[Brief descriptive captions]
---

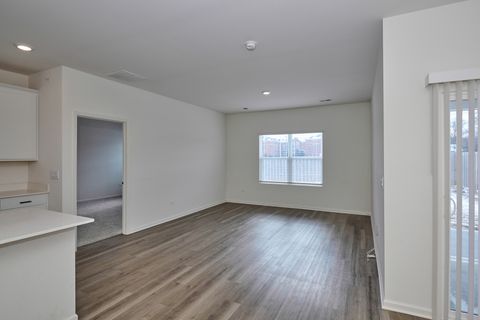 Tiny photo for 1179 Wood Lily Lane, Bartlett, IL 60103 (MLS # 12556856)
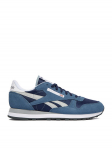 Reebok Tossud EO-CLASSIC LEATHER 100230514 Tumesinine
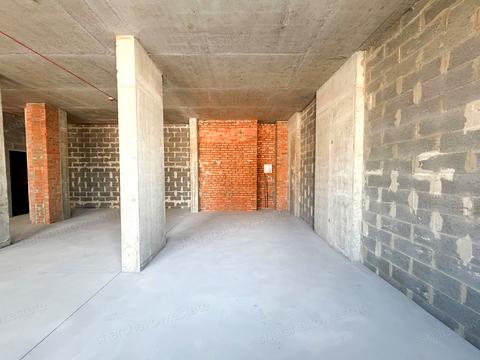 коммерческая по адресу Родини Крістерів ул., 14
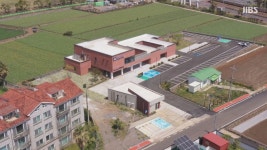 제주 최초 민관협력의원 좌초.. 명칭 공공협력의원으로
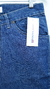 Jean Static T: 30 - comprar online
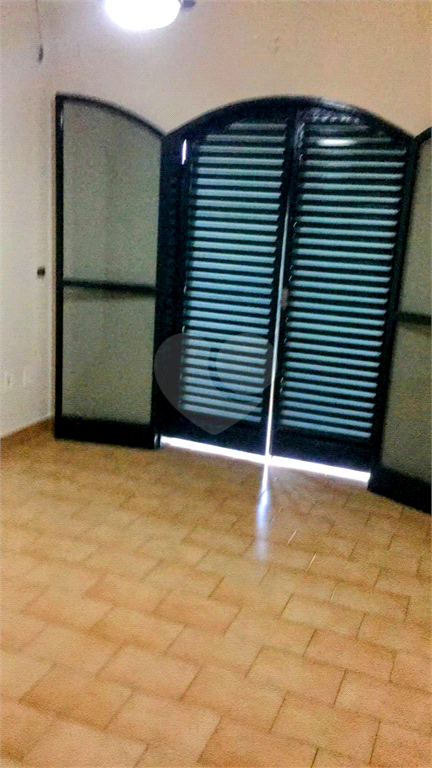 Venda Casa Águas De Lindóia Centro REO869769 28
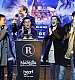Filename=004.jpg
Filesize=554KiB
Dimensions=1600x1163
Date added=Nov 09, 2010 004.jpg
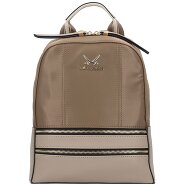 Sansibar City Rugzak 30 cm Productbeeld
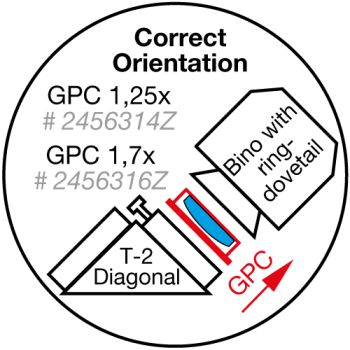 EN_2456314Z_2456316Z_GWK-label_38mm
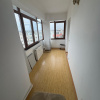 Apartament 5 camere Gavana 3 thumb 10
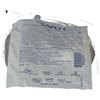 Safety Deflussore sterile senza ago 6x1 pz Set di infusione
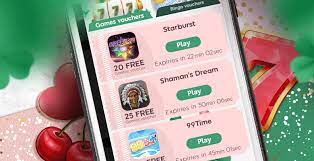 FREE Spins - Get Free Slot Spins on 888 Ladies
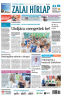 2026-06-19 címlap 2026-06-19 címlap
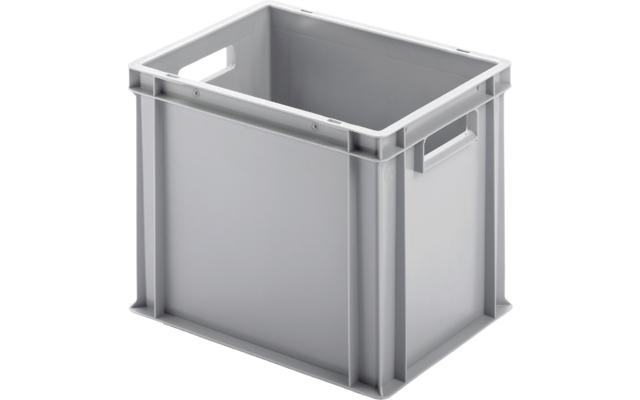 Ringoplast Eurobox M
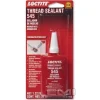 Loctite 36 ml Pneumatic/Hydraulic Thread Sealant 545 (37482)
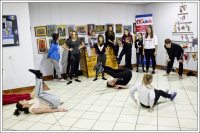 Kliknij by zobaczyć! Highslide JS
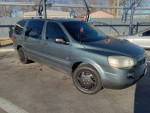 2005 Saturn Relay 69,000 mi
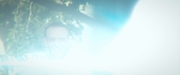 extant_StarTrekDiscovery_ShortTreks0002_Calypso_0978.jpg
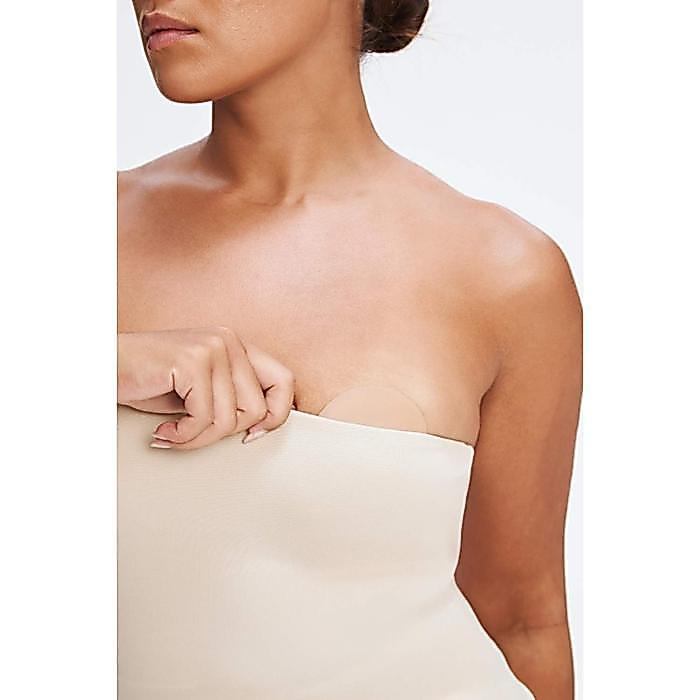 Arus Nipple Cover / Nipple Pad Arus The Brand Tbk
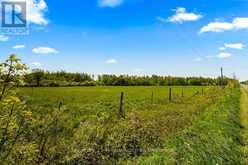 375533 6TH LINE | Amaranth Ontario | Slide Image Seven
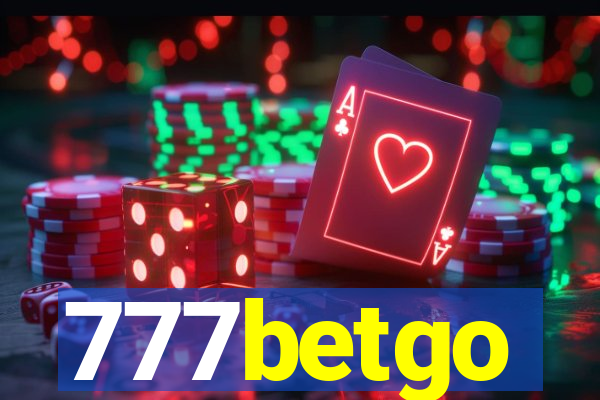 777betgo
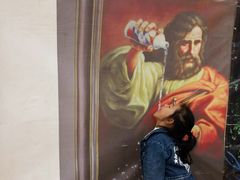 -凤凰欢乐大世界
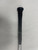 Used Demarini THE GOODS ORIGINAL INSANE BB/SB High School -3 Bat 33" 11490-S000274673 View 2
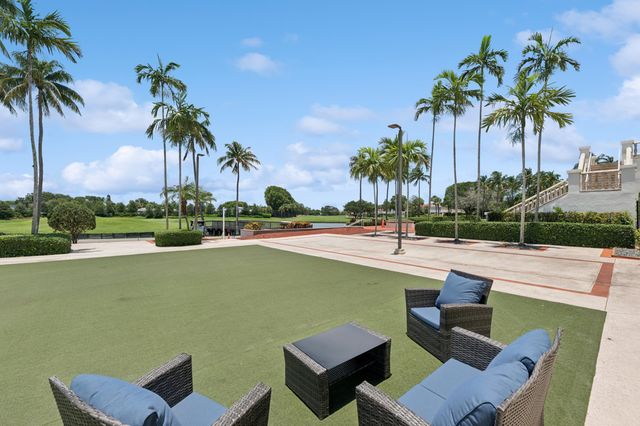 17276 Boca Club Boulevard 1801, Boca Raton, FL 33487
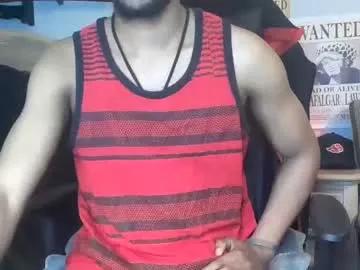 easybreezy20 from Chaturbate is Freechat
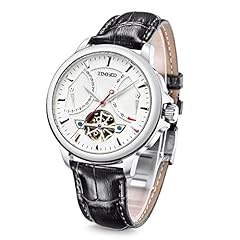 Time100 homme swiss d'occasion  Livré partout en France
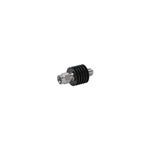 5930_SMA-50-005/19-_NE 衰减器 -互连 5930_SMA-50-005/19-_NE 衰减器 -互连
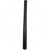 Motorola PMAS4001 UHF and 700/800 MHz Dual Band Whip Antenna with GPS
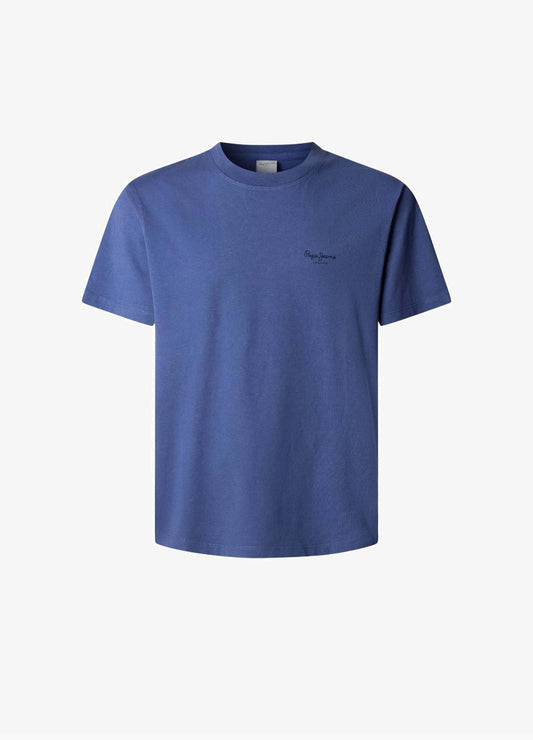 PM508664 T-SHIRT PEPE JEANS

---

WHAT IS EXPECTED: Set down the data above exactly as written. Omit the pictures.

OUTPUT:
 Tiny photo for 1179 Wood Lily Lane, Bartlett, IL 60103 (MLS # 12556856)
 Reebok Tossud EO-CLASSIC LEATHER 100230514 Tumesinine
 коммерческая по адресу Родини Крістерів ул., 14
 제주 최초 민관협력의원 좌초.. 명칭 공공협력의원으로
 Jean Static T: 30 - comprar online
 Venda Casa Águas De Lindóia Centro REO869769 28
Filename=004.jpg
Filesize=554KiB
Dimensions=1600x1163
Date added=Nov 09, 2010 004.jpg
 Sansibar City Rugzak 30 cm Productbeeld
 EN_2456314Z_2456316Z_GWK-label_38mm
 Apartament 5 camere Gavana 3 thumb 10
 Safety Deflussore sterile senza ago 6x1 pz Set di infusione
 FREE Spins - Get Free Slot Spins on 888 Ladies
 2026-06-19 címlap 2026-06-19 címlap
 Ringoplast Eurobox M
 Loctite 36 ml Pneumatic/Hydraulic Thread Sealant 545 (37482)
 Kliknij by zobaczyć! Highslide JS
 2005 Saturn Relay 69,000 mi
 extant_StarTrekDiscovery_ShortTreks0002_Calypso_0978.jpg
 Arus Nipple Cover / Nipple Pad Arus The Brand Tbk
 375533 6TH LINE | Amaranth Ontario | Slide Image Seven
 777betgo
 -凤凰欢乐大世界
 Used Demarini THE GOODS ORIGINAL INSANE BB/SB High School -3 Bat 33" 11490-S000274673 View 2
 17276 Boca Club Boulevard 1801, Boca Raton, FL 33487
 easybreezy20 from Chaturbate is Freechat
 Time100 homme swiss d'occasion  Livré partout en France
 5930_SMA-50-005/19-_NE 衰减器 -互连 5930_SMA-50-005/19-_NE 衰减器 -互连
 Motorola PMAS4001 UHF and 700/800 MHz Dual Band Whip Antenna with GPS
 PM508664 T-SHIRT PEPE JEANS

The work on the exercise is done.